Drag performer Esmé Rodríguez is perched before a green room mirror in Bryant Lake Bowl’s basement, donning fake black eyelashes, a quart of turquoise-encrusted eye shadow and obscenely large diamond chandelier earrings. As she teases the sculpted mass of red and blond tresses on top of her head, she sighs with satisfaction.
“The higher the hair, the closer to God,” Rodríguez said.
Soon, Rodríguez – who jokingly claims that glitter is her seventh food group – will emerge onstage to do a walk-through tech rehearsal.
“It’s not about where you start, but about bringing yourself to the high art of the drag queen. And it takes a lot of boobs and butts to get there,” she said as she straps on a gelatinous nude-hued brassiere.
Rodríguez, whose person behind the persona is a University Ph.D. candidate in Spanish and Portuguese studies with a focus in gender and performance theories, has been involved with the performing group “Dykes Do Drag” for five years.
Formed out of a diverse group of different races, sexual identities and genders, “Dykes Do Drag” is a hodge-podge clan of dancers, actors and artists. Through their cabaret-style performative whimsy, these avant-garde purveyors of drag-king culture complicate those silly little notions of butch/femme gender roles and drag stereotypes through their jazzy song and dance numbers.
The performance will dabble in an experimental medley of pieces: Among the performers are The Kings of Ramsey County’s rendition of “Macho Man” and “Johnny Are You Queer” (three Macalester seniors) Cocoa Puff and the North High Beaverettes.

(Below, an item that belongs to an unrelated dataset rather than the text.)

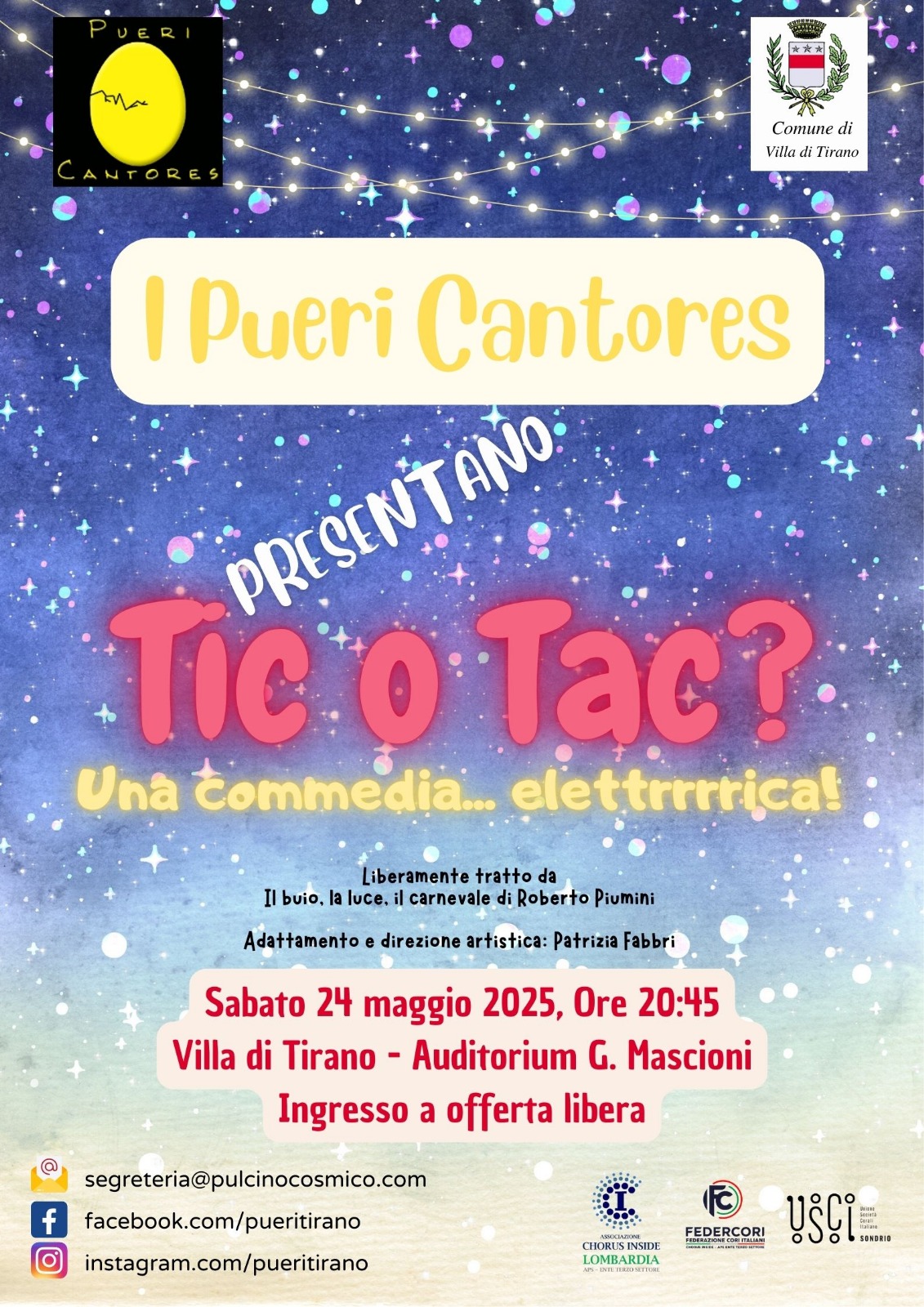 Immagine anteprima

But, even in the razzle-dazzle realm of drag-related debauchery and cross-dressing costumery, it’s still a man’s world.
Pop culture of the 20th century is filled with the beloved lore of lewd, shrewd and tart of tongue tyrannies. For years we’ve hit the Uptown Theater’s midnight showing of “The Rocky Horror Picture Show” just to sing along with Tim Curry’s outrageous character. And other gender-bending male performers, such as David Bowie, have been lavishly praised for their elegant androgyny. But, aside from a couple of “I Love Lucy” stints and Hilary Swank’s tragic transsexual character in “Boys Don’t Cry,” where are all the manly girls at?
A few women took notice of this lack of diversity in drag performative culture in 1999. Rudy Renaud, the then-editor of Lavender Magazine, booked a weekend slot at the Bryant Lake Bowl and asked Heather Spear to help coordinate the very first “Dykes Do Drag” piece.
The weekend was a rootin’ tootin’ success. Since then, Heather Spear (“The Gentleman King”) has led the group through many a male and female mimicry stints. The pieces are known for creating some complicated critiques and celebrations of gender ambiguity.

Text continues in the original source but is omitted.